---------- Provided data ----------

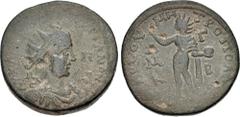 Roman Provincial CILICIA, Tarsus. Valerian I. AD 253-260. Æ (35mm, 32.55 g, 6h). Radiate, draped, and cuirassed bust right, seen from the front / Radiate Helios standing left, raising right hand and h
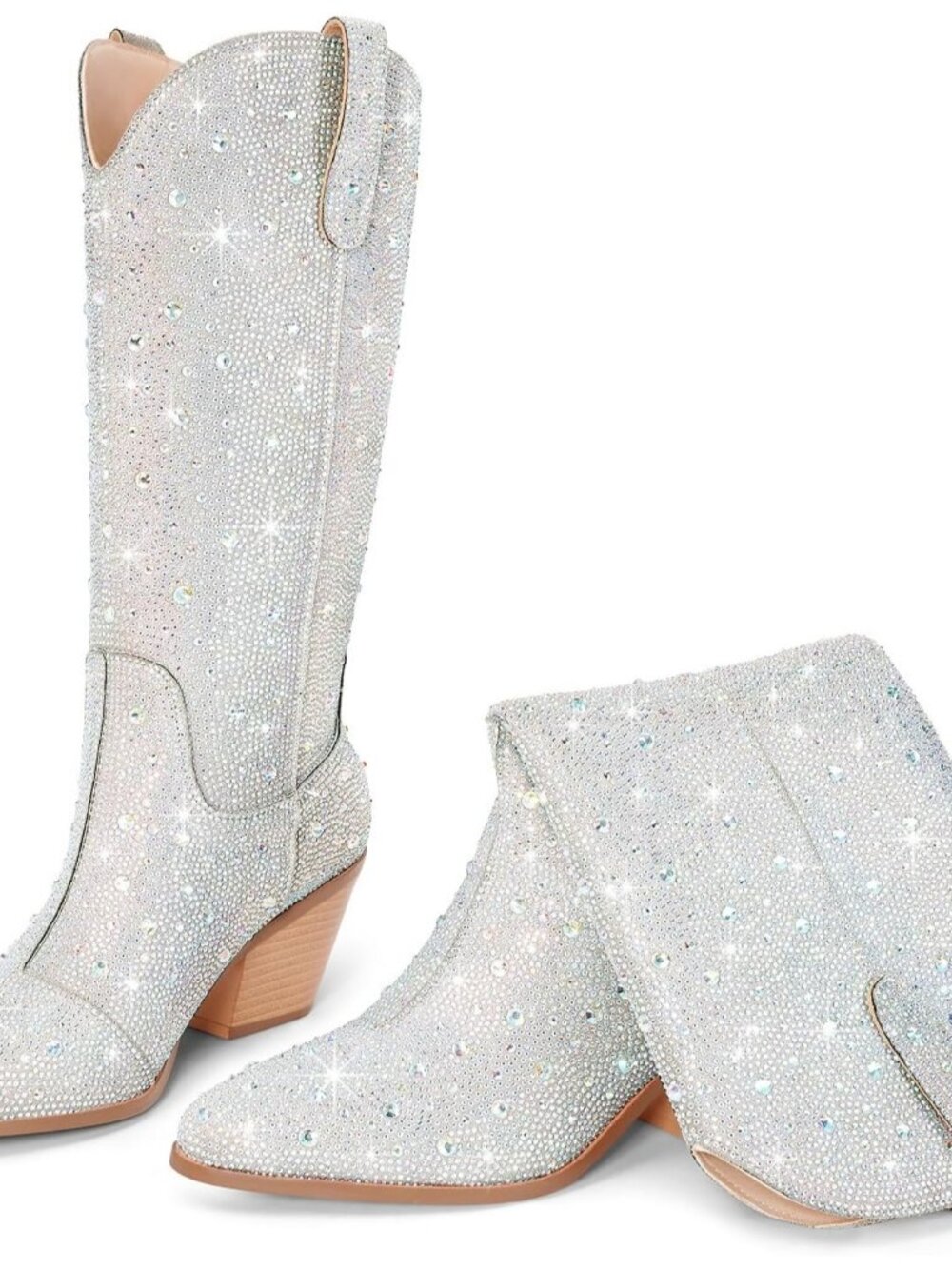 Women's Mid Calf White Western Rhinestone Chunky Heel Fashion Cowgirl Ankle Boot - Picture 5 of 6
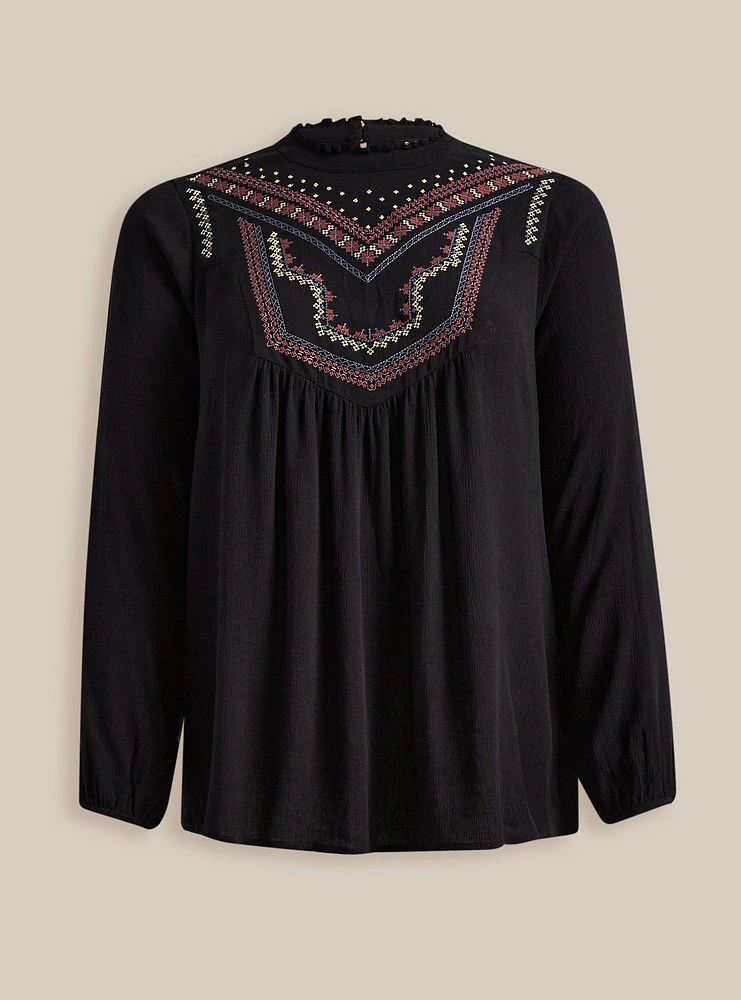 Washable Crinkle Gauze Relaxed Embroidered Blouse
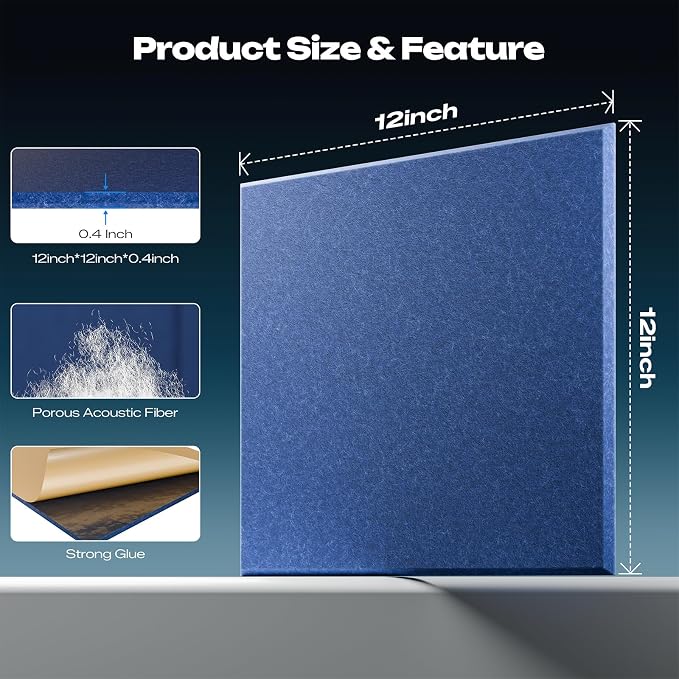 Sonicism 12 Pack Acoustic Wall Panels with Self-Adhesive, 12" X 12" X 0.4" Sound Proof Foam Panels, Decorative Soundproof Wall Panels, Sound Proof Absorbing Tiles for Home & Offices, Cerulean Blue - Image 4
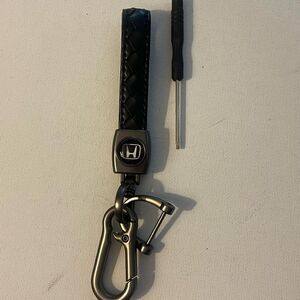 Honda Logo Key Fob Keychain in Black Leather NWT
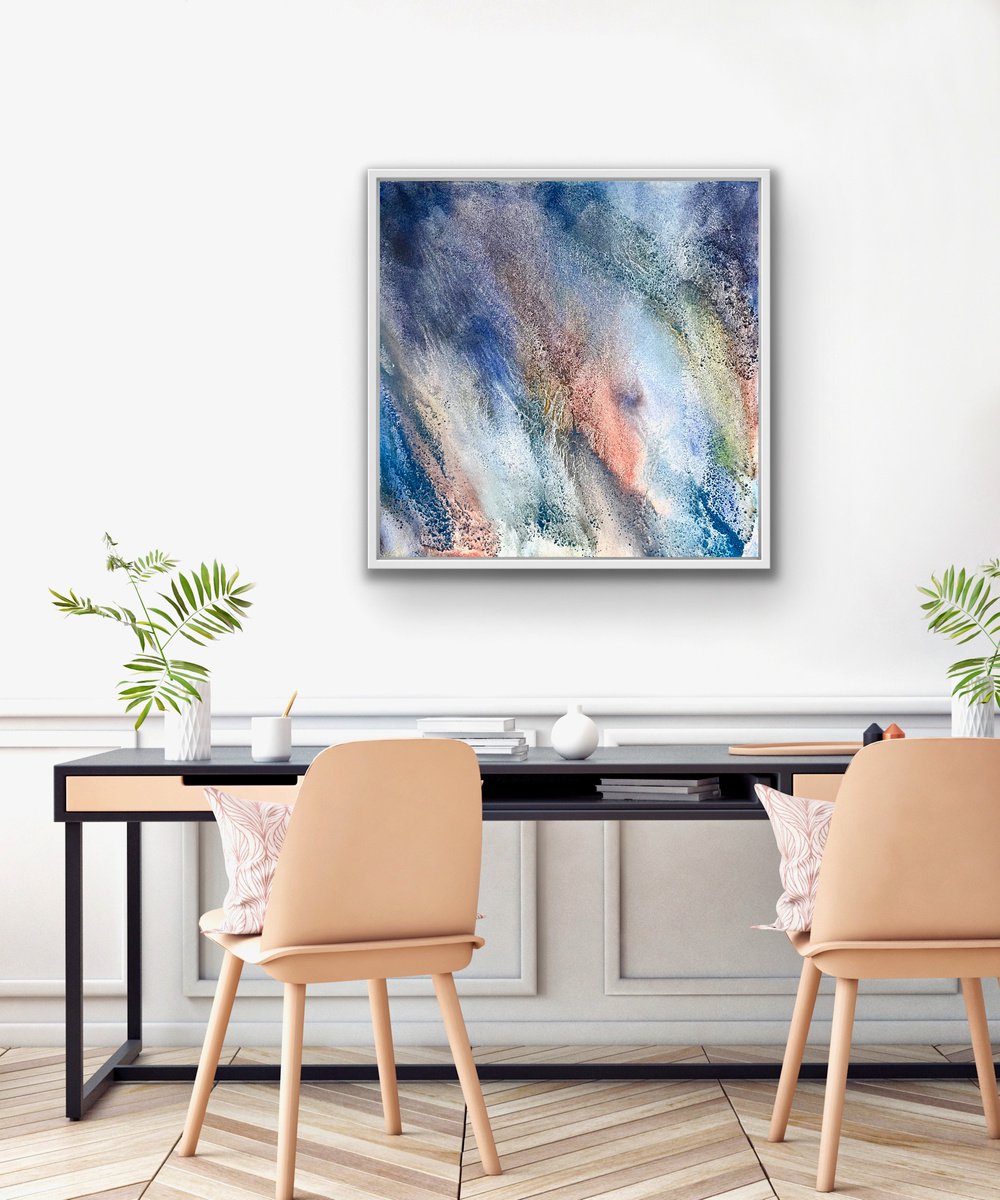 Organic Abstract Acrylic Painting By Kirsten Schankweiler, 31 X 31", Natural Flow, Original Artwork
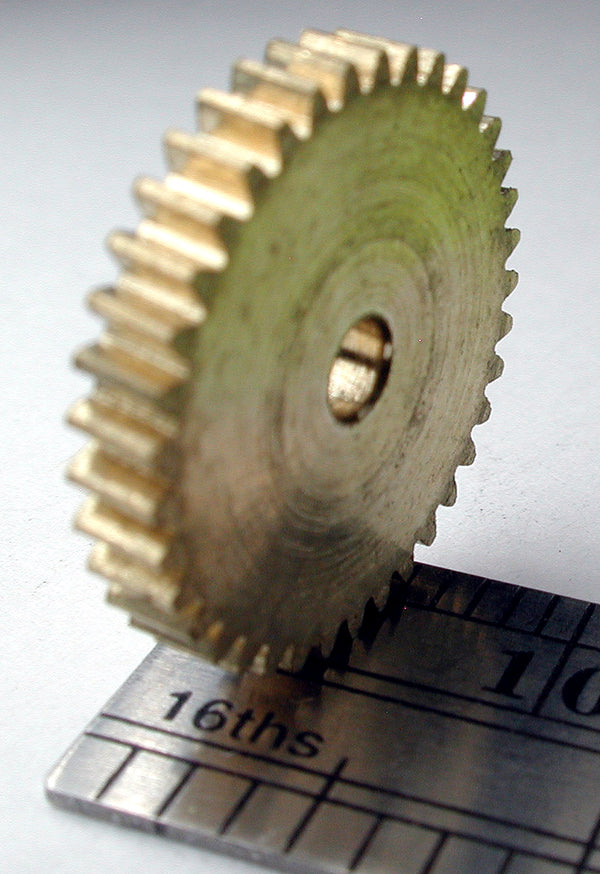 Worm Gear, 0.4mod x 37 Teeth x 15.6mm OD x 0.090" Face x 2.5mm Bore, Brass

----------

## Aim of the task
Starting at the first line of the records above, set down each line exactly through the one that holds "Women's Mid Calf". Omit pictures.

## Task solution
 Roman Provincial CILICIA, Tarsus. Valerian I. AD 253-260. Æ (35mm, 32.55 g, 6h). Radiate, draped, and cuirassed bust right, seen from the front / Radiate Helios standing left, raising right hand and h
 Women's Mid Calf White Western Rhinestone Chunky Heel Fashion Cowgirl Ankle Boot - Picture 5 of 6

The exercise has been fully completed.